This past weekend, for the first time ever, I was on call completely by myself. Since it was only me, I had to make some tough decisions.
This weekend was my first call weekend with my new group. For the first time ever, I was on call completely by myself.
Previously, as an intern, I was on with a senior resident. As a senior resident, I was on with an intern and supervised by an attending. Shortly after graduating residency, I was the attending who was supervising a resident and that’s pretty much the way it’s been ever since. Being on call by myself is both satisfying - I get to make all the decisions and I don’t even have to discuss them with anyone - and overwhelming, because I’m it for the whole weekend.
So, here’s a brief recap of my weekend. Friday night: pretty much nothing. I’ve found that’s pretty typical for a weekend. No one wants to waste their Friday night being sick in the ER. Saturday morning found me staffing the acute care clinic. I realized that patients only viewed the appointment time as a suggestion, leading to a leisurely 45 minutes first thing in the morning perusing e-mail and eating a chocolate chip scone followed by four hours running between four exam rooms.
I also felt incredibly guilty sending any patients to the ER or local urgent care center even when we were already fully booked, so squeezed them in wherever I could. Somehow, it all worked out and I got everyone taken care of and out the door at a decent time.
I had to make some tough decisions. Since it was only me, I didn’t have to make sure anyone else agreed with me, although I wondered how my partners might feel about the decisions I made when they looked through the Monday morning retrospectoscope. I went ahead and refilled 120 lorazepam for one patient who appeared to be on a stable dose and receiving regular follow up but only gave the next patient enough diazepam to get through the weekend when a quick chart review indicated that he may not have followed up like he was instructed.
I felt perfectly justified calling in penicillin for the household contact of a person with strep who had herself just developed a sore throat. I waffled on the patient who was certain she had sinusitis and wanted me to just call in an antibiotic rather than coming in to be seen, but finally did so with a strong admonition to schedule an appointment on Monday morning with her primary care doctor. I took a chance on a peritonsillar abscess that outpatient management would be successful. Unfortunately, he came back worse the next day and ended up being admitted anyway.

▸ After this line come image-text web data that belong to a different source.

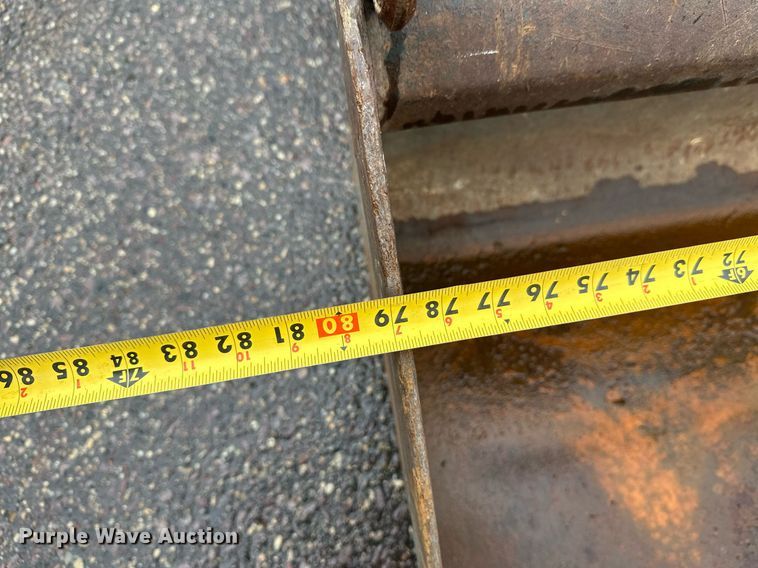 image for item EL0029 2004 Bobcat S250 skid steer loader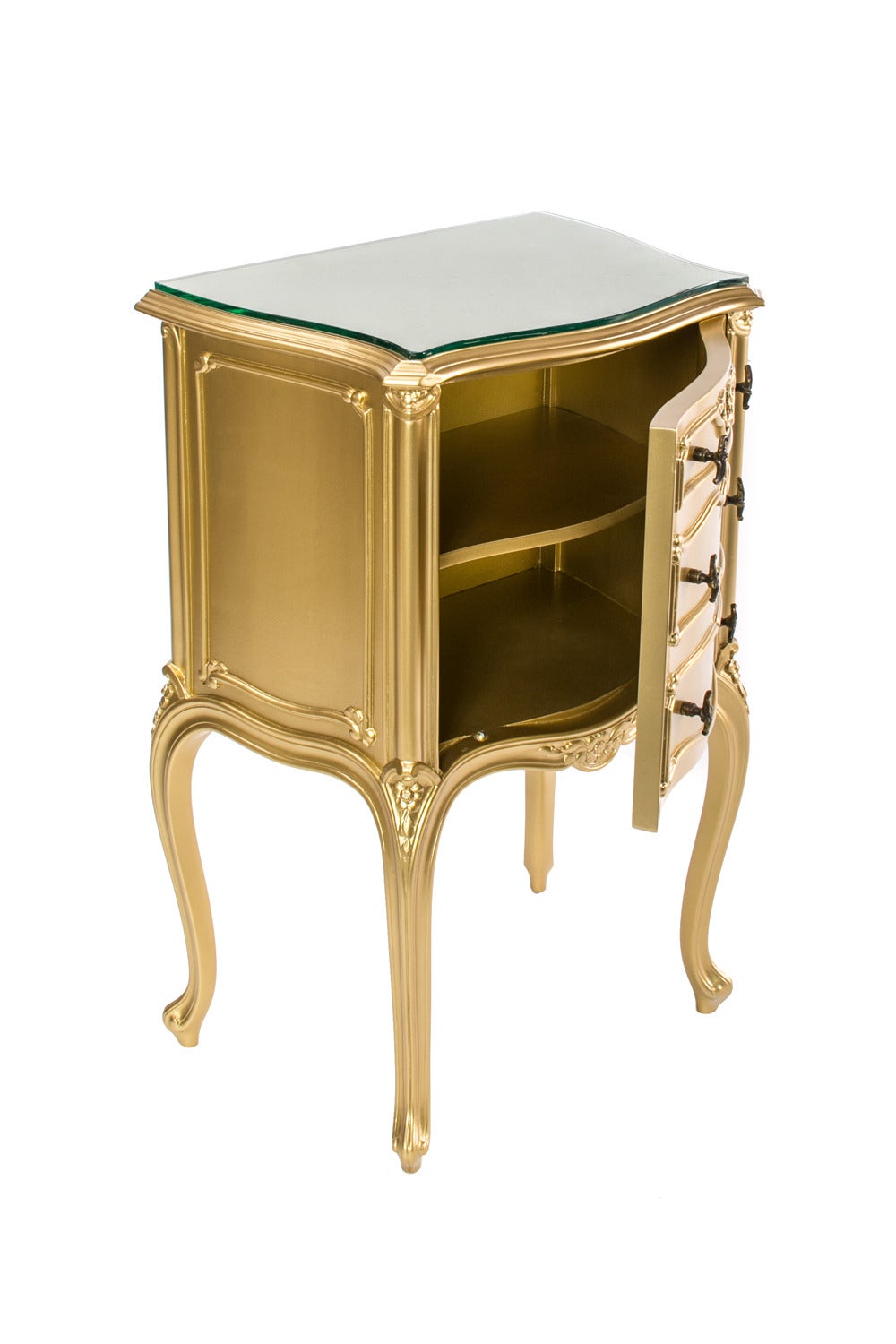 Pair of French Gold Baroque Side Tables In Excellent Condition In Los Angeles, CA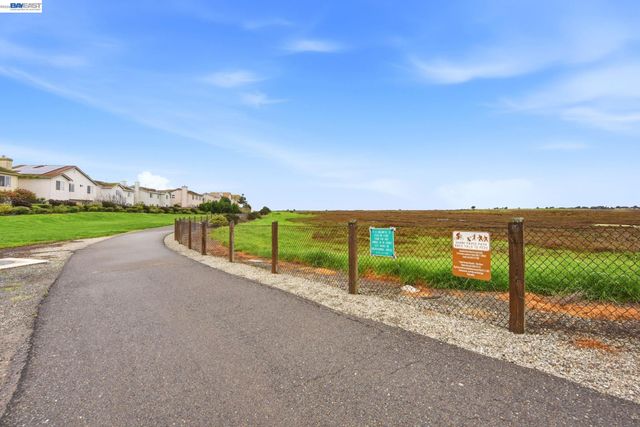 15518 Harbor Way, San Leandro, CA 94579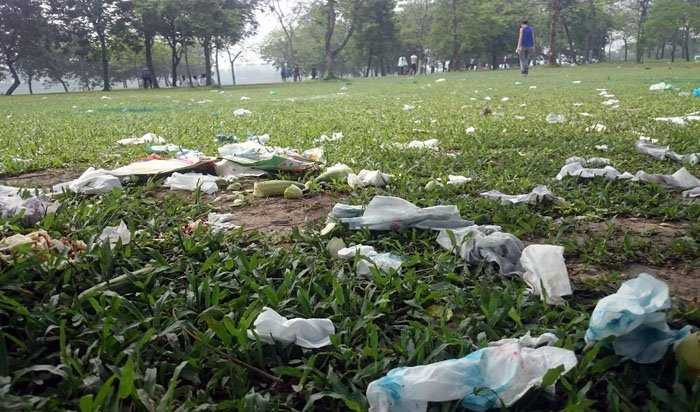 Bãi biển thành bãi rác sau kỳ nghỉ lễ: 'Nỗi nhục của sự vô văn hóa'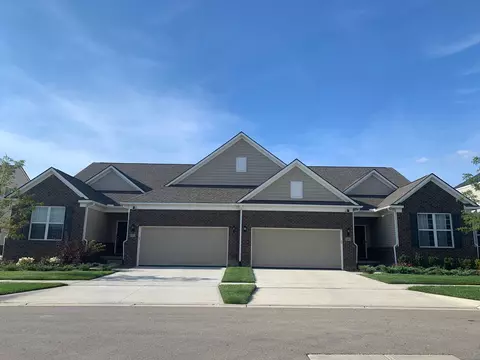 16330 Beech Tree Ln, Clinton Township, MI 48038
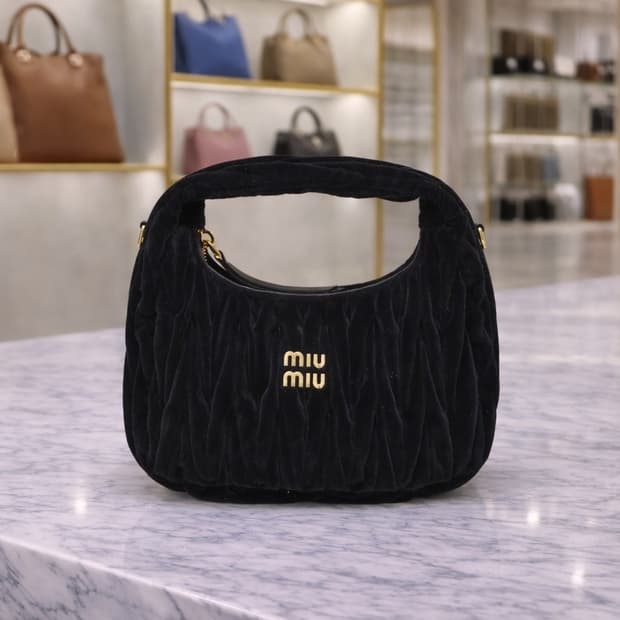 [S급] 미우미우 완더 마테라쎄 벨벳 호보백 스몰 판매합니다!!!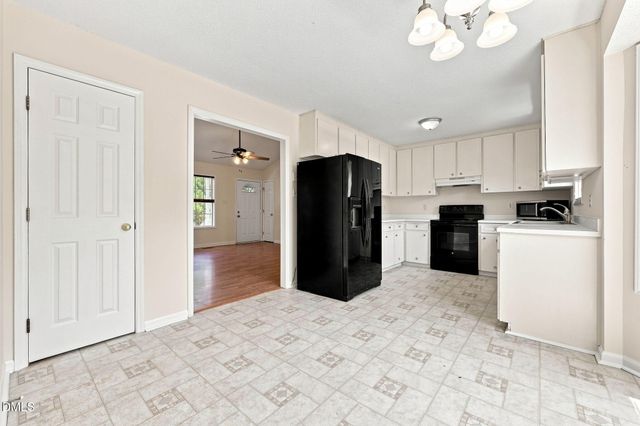 204 Dustin Drive, Benson, NC 27504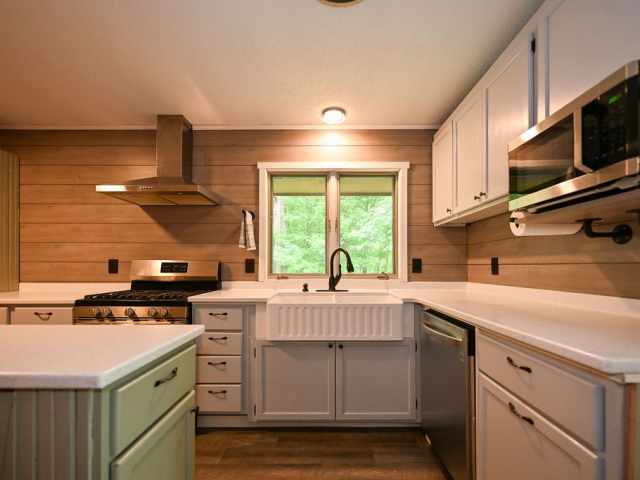 Spooner Residential Real Estate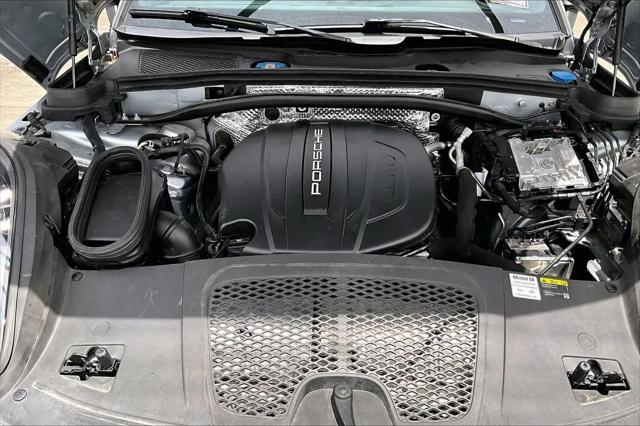 2021 Porsche Macan Macan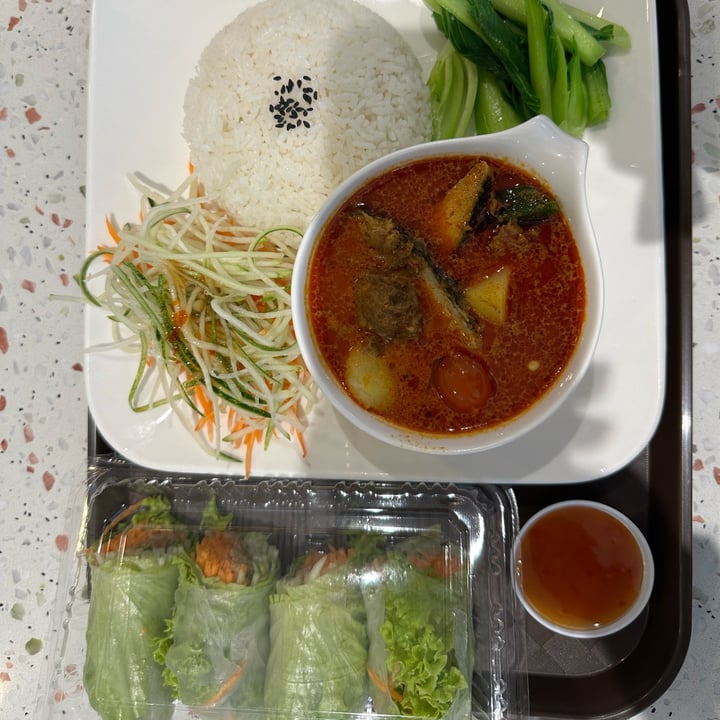 photo of Veggie House Centerpoint一芳 热 @ Centerpoint Curry Fish Rice shared by @jas-veg on  02 Aug 2024 - review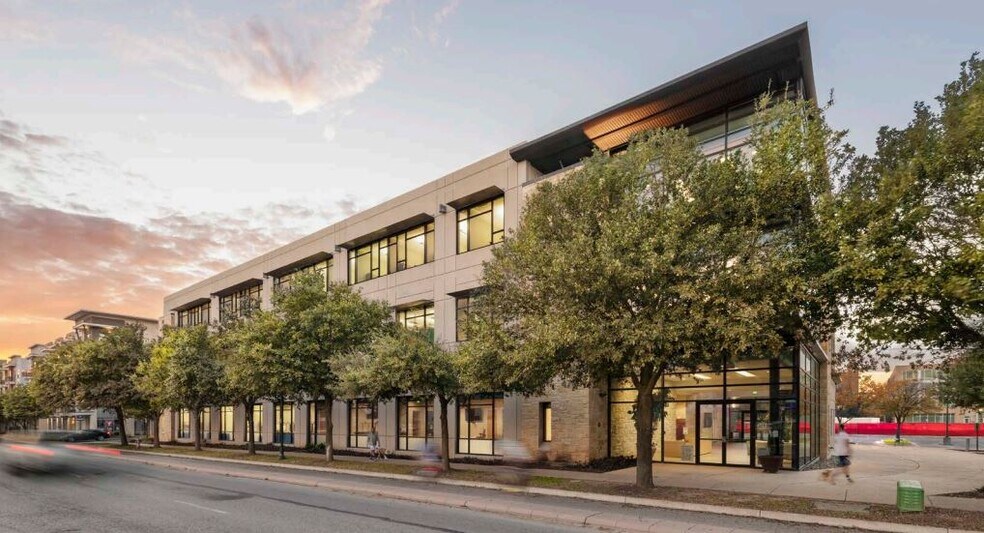 4700 Mueller Blvd, Austin, TX à louer - Photo principale – Image 1 sur 15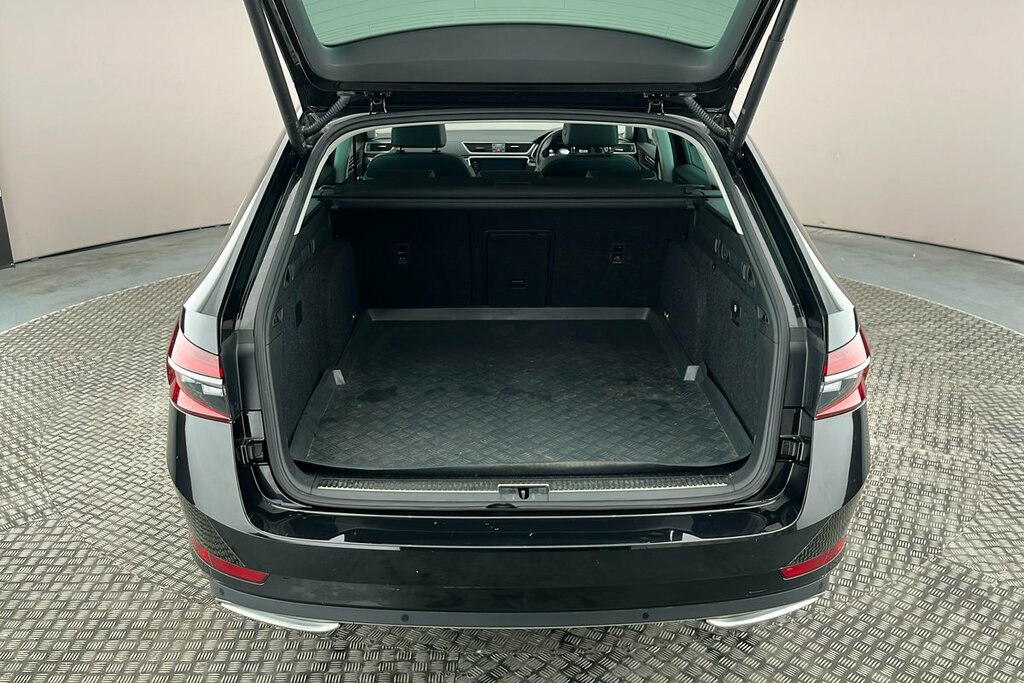 Skoda Superb Skoda Estate 2.0 Tdi Cr Se L Dsg Black #11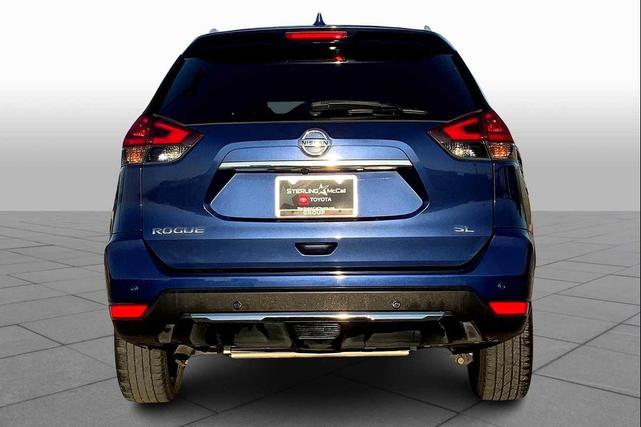 Photo of 2020 Caspian Blue Metallic Nissan Rogue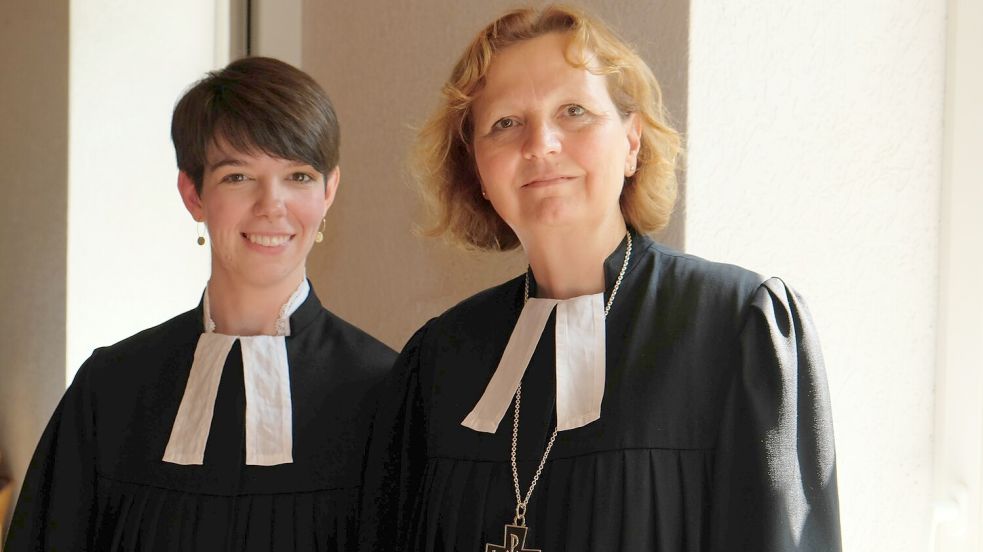 Regionalbischöfin Sabine Schiermeyer (rechts) ordinierte Julia Uelsmann zur Pastorin der Kirchengemeinden Werdum-Neuharlingersiel und Buttforde. Foto: privat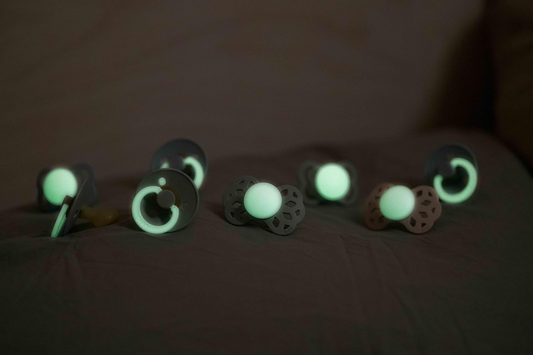 BIBS SUPREME GLOW silikónové cumlíky 6msc+ SYMETRICKÉ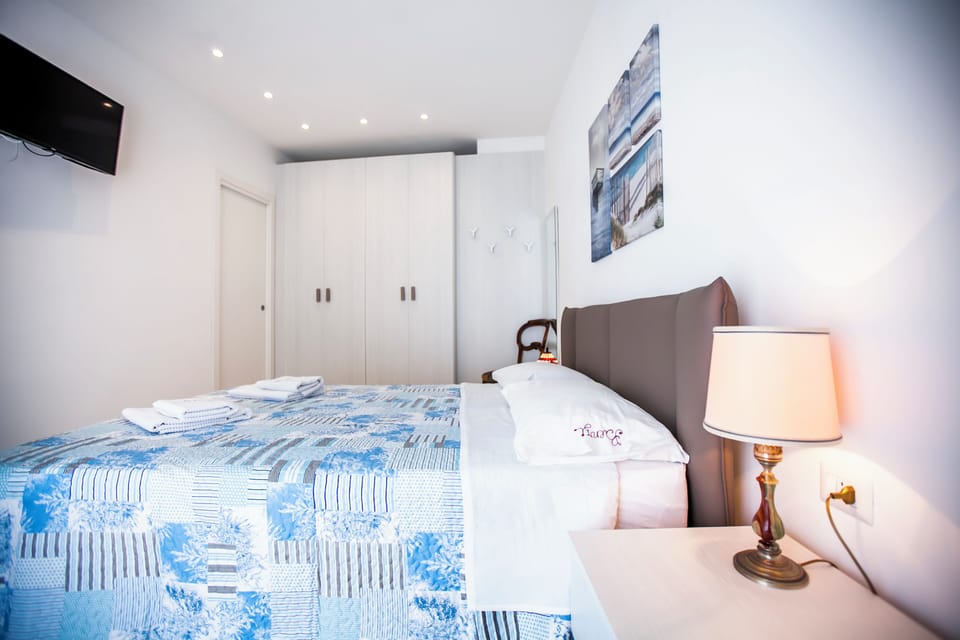 Deluxe Apartment | 1 bedroom, laptop workspace, iron/ironing board, free WiFi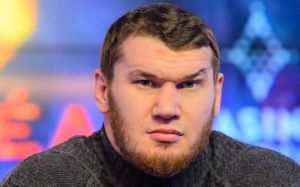 Бой Арсланбека Махмудова и Мариуша Ваха перенесен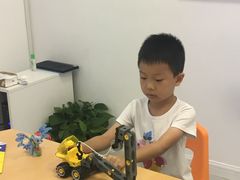 -斯坦星球AI编程·机器人科创·科学实验·信奥·思维·STEM·积木拼搭·竞赛考级(浦东联洋广场大拇指龙阳御桥中心)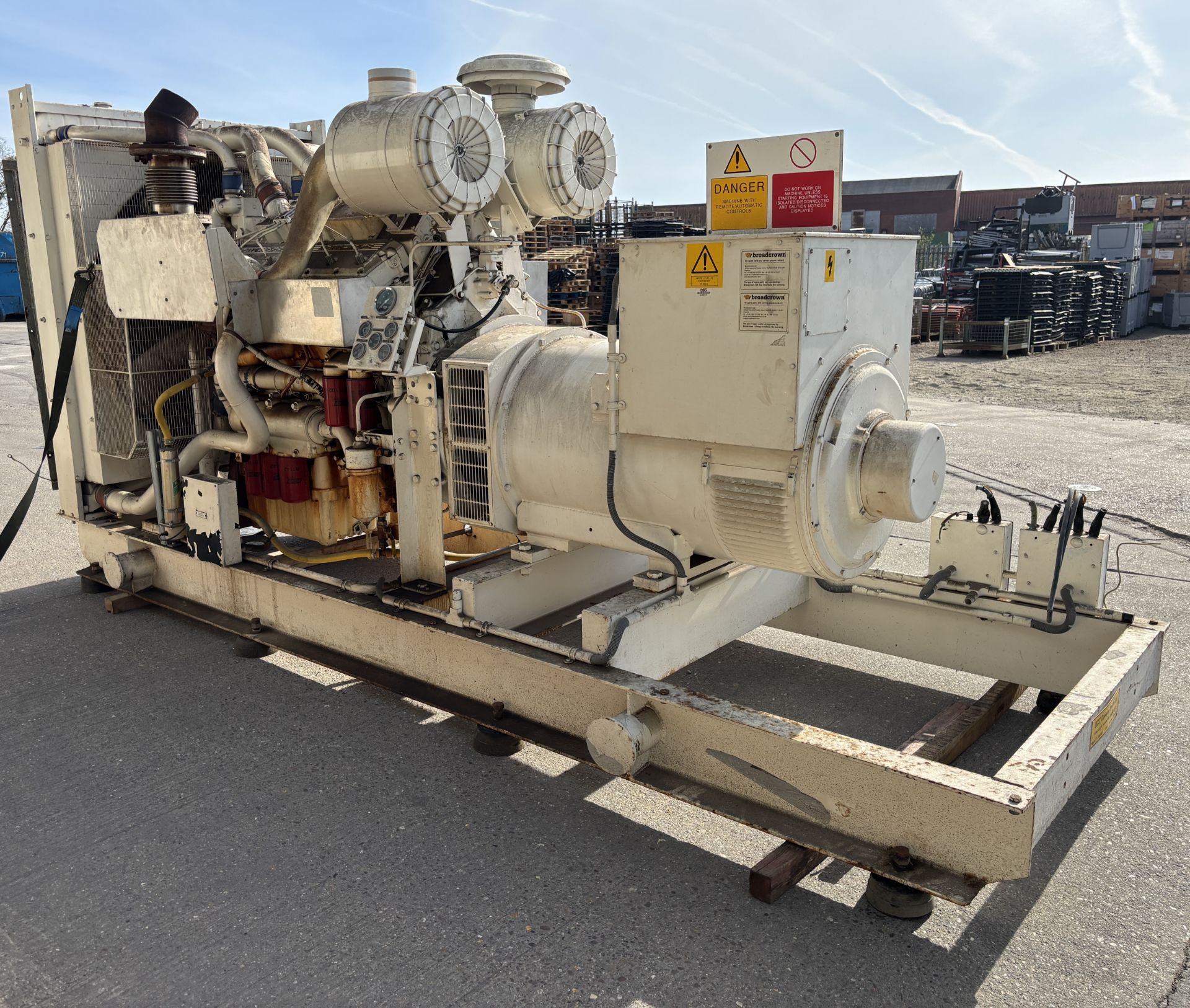 Perkins 3012-Tag2 Series V12 twin turbo 625kVA Dawson Keith generator - full details in the desc. - Image 3 of 21
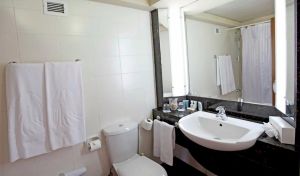 Poseidonia Beach Hotel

By Sunday evening, the ER physician was greeting my phone calls with a friendly, “Hi Jennifer.” We traded patients like players in high-stakes poker. I would send over a patient with hypertensive emergency and he would counter with a patient with chronic back pain who had no primary care doctor. I tried to decipher patients’ symptoms over the phone. Sometimes I was hampered by the fact that the patient did not want to actually talk to me, but preferred using a family member as an intermediary so that all my questions had to be relayed to the person with the actual symptoms. When in doubt, I overcalled it and sent them to the ER.
But it all went fine. It was a good weekend - I felt productive and confident that I really did provide the best care possible.